Wednesday, March 11, 2015

"Those Winters Sundays" and "My Papa's Waltz"

         Those Winter Sundays” and “My Papa's Waltz”
          Fathers will care for their children even though they might not get any gratitude back from their kids. In the poems, “Those Winter Sundays” by Robert Hayden and “My Papa's Waltz” by Theodore Roethke, a speaker tries to explain their attitudes on how their dad treated them. In “Those Winter Sundays” the speaker describes a Sunday morning and what his dad does for him so he is warm. While the speaker's father in “My Papa's Waltz” treats the speaker in a fun way to keep him interested and not bored. The speakers, in “Those Winter Sundays” and “My Papa Waltz's" relationship with their fathers are similar because they both care about the speaker but differ because the way they care make the speaker feel differently about their fathers.
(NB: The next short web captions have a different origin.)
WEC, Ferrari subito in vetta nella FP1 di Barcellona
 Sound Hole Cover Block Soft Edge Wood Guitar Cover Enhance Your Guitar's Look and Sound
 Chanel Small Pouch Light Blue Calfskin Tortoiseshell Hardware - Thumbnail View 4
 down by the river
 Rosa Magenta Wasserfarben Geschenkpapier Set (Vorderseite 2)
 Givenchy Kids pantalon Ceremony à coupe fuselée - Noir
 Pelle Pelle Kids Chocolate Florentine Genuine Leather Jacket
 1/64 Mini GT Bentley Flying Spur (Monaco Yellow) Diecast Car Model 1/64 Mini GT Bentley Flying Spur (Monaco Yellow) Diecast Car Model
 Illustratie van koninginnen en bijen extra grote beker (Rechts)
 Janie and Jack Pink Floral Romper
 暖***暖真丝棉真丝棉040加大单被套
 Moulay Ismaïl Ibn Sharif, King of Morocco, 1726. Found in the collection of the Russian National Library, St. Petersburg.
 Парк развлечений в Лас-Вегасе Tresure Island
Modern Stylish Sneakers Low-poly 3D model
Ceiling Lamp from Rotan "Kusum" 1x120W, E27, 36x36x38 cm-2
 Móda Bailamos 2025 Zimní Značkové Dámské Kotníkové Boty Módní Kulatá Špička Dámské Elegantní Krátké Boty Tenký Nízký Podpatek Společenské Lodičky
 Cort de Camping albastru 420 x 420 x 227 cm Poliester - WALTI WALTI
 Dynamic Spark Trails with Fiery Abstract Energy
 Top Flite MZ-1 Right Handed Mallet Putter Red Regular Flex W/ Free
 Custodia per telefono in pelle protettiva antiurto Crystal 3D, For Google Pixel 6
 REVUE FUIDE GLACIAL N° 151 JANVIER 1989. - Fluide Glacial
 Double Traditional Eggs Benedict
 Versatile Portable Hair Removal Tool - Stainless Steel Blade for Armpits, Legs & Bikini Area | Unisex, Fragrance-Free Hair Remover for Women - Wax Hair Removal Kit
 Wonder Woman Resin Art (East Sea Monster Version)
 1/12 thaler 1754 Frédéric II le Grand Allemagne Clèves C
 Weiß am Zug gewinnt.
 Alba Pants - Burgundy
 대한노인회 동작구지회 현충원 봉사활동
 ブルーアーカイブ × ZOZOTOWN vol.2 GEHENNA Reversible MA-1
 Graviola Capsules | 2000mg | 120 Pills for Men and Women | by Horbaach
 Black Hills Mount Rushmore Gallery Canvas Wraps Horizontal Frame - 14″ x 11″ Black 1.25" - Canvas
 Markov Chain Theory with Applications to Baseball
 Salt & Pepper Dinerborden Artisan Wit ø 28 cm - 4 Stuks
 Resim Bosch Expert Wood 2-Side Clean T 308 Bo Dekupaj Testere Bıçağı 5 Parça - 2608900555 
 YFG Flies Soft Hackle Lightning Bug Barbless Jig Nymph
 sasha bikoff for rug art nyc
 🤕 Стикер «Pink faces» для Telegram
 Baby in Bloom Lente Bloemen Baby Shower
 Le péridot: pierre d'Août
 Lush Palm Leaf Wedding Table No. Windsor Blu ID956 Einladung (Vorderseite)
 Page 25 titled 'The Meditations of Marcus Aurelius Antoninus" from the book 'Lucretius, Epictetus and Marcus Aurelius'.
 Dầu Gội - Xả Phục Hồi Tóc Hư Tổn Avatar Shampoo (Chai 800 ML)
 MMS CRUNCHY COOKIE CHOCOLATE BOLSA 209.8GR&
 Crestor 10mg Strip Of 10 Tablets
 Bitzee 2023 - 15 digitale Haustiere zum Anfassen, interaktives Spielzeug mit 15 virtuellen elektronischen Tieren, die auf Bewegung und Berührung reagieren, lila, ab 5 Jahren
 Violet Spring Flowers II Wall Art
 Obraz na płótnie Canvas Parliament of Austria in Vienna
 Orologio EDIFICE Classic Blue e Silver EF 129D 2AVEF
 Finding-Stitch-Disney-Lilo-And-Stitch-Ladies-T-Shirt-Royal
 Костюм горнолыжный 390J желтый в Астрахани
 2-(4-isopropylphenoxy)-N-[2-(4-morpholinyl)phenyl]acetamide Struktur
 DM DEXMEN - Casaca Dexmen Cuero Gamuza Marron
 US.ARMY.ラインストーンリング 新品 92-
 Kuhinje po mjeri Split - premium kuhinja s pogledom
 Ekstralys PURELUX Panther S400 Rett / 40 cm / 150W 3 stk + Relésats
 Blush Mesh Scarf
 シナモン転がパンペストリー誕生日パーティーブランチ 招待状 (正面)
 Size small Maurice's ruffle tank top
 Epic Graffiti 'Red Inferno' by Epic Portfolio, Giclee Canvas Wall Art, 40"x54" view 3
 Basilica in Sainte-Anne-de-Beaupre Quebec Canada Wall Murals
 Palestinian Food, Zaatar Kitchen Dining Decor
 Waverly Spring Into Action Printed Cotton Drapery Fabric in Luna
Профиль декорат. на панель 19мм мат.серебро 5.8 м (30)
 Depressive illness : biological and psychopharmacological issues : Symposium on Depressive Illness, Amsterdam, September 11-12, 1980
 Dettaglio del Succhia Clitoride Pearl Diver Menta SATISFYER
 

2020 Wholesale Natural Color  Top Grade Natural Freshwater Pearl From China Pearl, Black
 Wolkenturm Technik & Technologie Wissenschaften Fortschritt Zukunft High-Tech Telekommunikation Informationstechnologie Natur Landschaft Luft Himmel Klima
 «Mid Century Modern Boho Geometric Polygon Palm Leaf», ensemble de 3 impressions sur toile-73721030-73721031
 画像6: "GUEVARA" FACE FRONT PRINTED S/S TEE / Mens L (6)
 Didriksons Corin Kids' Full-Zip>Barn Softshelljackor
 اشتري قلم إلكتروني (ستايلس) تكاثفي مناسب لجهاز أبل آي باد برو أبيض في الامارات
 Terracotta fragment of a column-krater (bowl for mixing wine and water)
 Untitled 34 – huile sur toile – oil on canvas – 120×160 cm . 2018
          The speaker's father in "Those winter Sundays" works hard to care for the speaker but the speaker is oblivious to what his father does for him . The poem explains the fathers work saying, “Sundays too my father got up early and put his clothes on in the blueblack cold, then with cracked hands that ached from the labor in the weekday weather made banked fires blaze. No one ever thanked him. I'd wake and hear the cold splintering breaking. When the room were warm, he'd call....” The speaker recognizes what his dad does while he is sleeping. His father wakes up everyday, including Sundays, in the blueblack cold which is early morning, before the sun rises. He goes out in the cold even though his hands hurt from the work he did in the weekdays. This tells us that he had a tough job and had to work hard. The speaker hears the cold splintering and breaking which indicates the father made the rooms warm and the cold is going away. But then, the poem expresses what the speaker does while the father works saying, “...and slowly I would rise and dress, fearing and chronic angers of that house, speaking indifferently to him, who had driven out the cold and polished my good shoes as well. What did I know, what did I know of love's austere and lonely offices?” While his father woke up early to make the fire for the speaker, the speaker doesn't even acknowledge it but instead acts like he lives in luxury and wakes up slowly and gets dressed, probably for church because its Sunday according to the first stanza. The speaker then continues to say that he has a normal conversation with his dad, the person that warmed the rooms and cleaned his shoes. This seems like he is having some guilt and regretting for talking normally to him and not thanking him for what he had done for him as a child. The father wakes up early everyday and works hard for the speaker but the way he cares is too oblivious for the speaker at a young age to understand how important his father is.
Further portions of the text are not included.